Work task: From the material below, please set down exactly the lines starting with the one with "Electronics 11 03781 g013" and going on through the one with "(取寄) スウィフトウィック マクサス", without a single picture.

Supplied material:
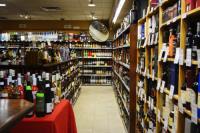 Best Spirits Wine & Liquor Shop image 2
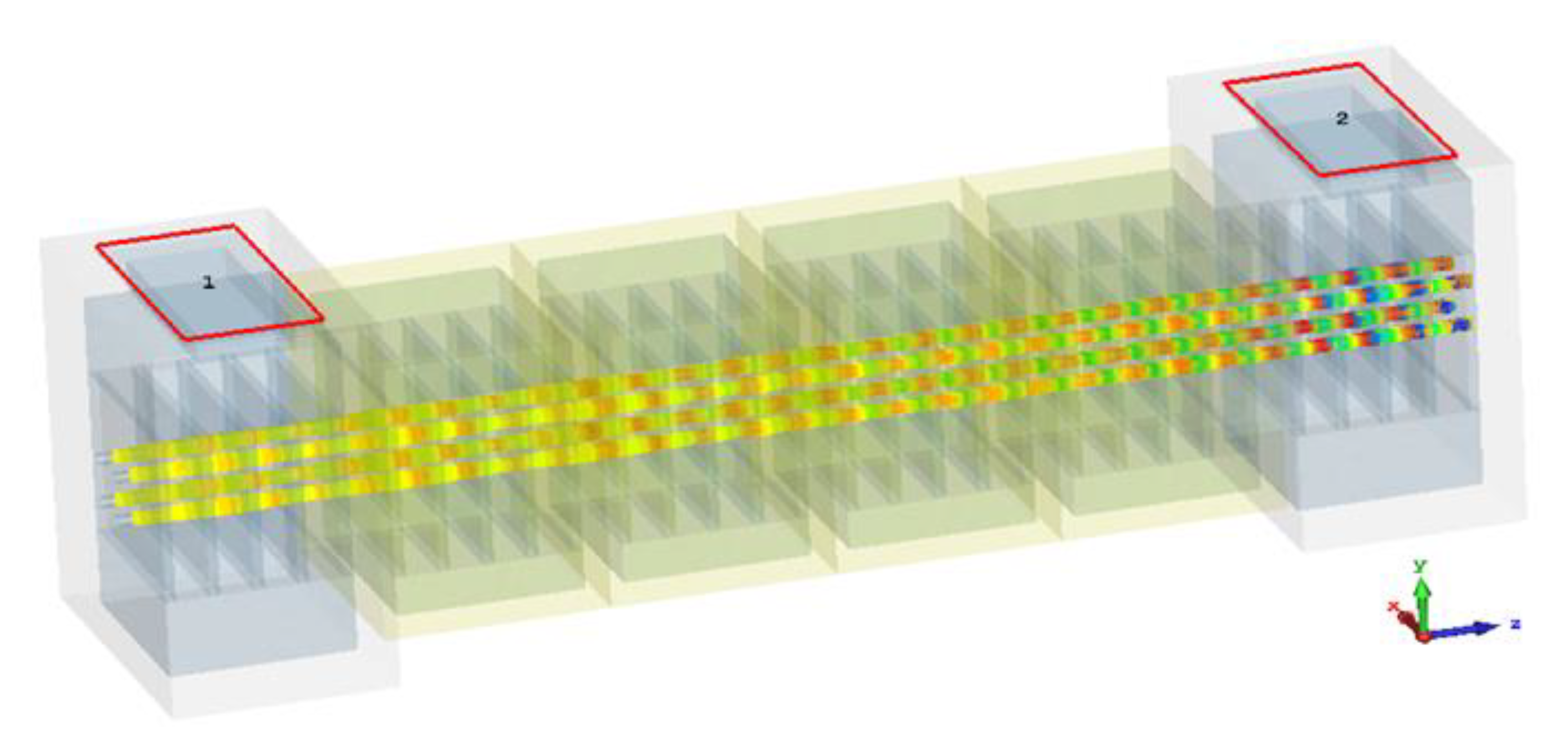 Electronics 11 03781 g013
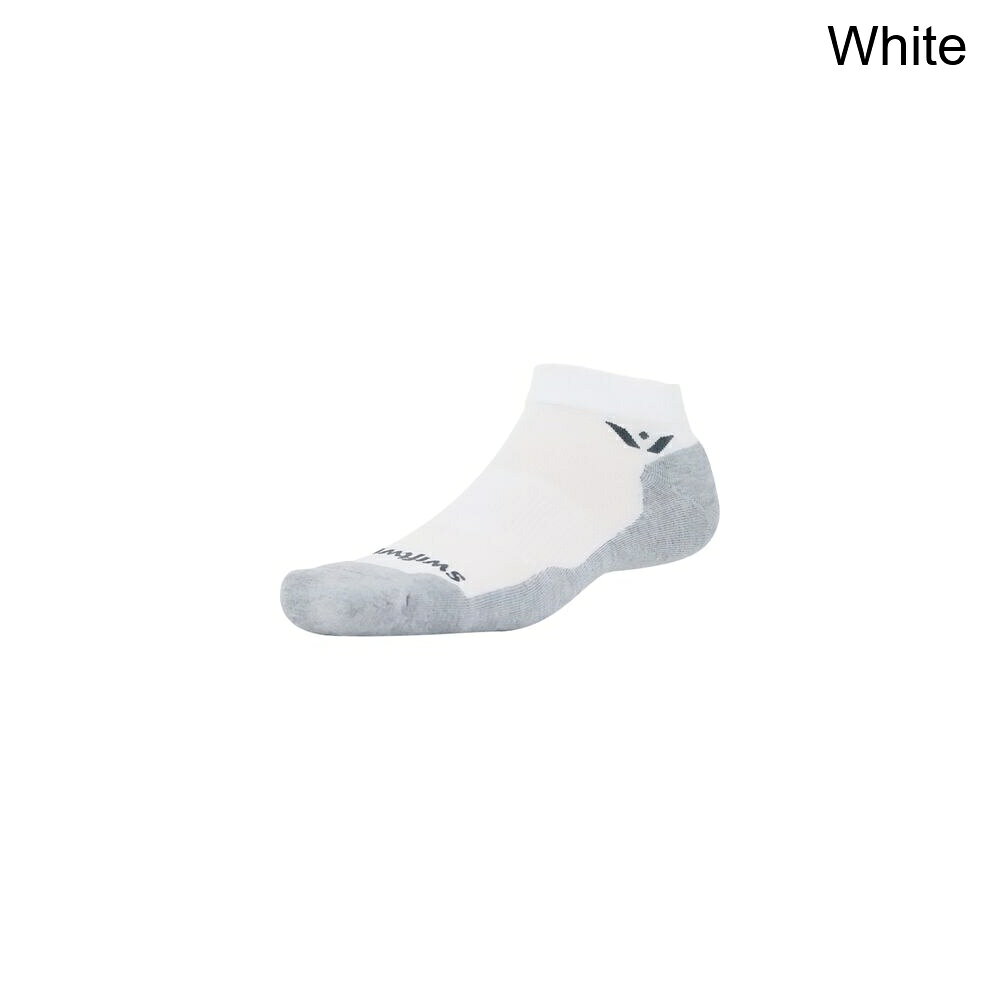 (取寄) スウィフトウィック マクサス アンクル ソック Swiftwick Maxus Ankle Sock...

...

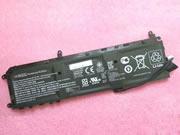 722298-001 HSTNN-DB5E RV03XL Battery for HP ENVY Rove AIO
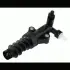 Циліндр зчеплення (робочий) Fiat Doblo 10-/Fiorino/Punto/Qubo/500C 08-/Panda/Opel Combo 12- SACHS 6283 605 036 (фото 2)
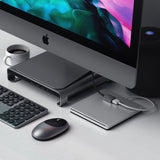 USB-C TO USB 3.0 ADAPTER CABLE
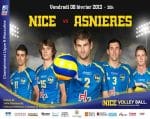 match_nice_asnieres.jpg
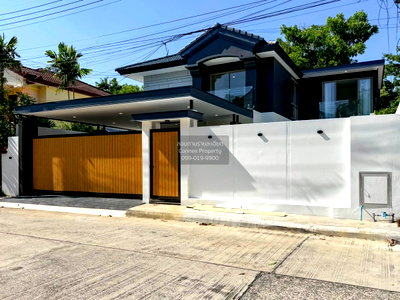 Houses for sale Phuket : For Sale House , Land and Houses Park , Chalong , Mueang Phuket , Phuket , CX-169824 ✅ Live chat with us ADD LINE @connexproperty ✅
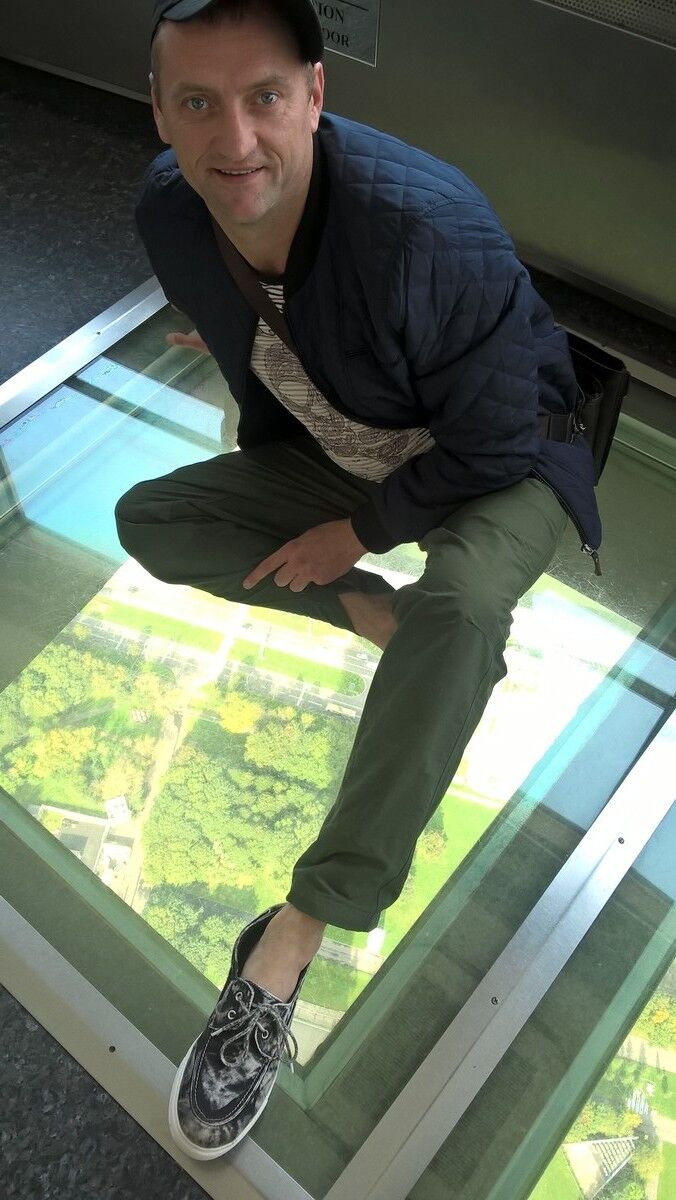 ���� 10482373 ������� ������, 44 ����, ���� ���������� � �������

Answer to the exercise:
 Electronics 11 03781 g013
 (取寄) スウィフトウィック マクサス アンクル ソック Swiftwick Maxus Ankle Sock...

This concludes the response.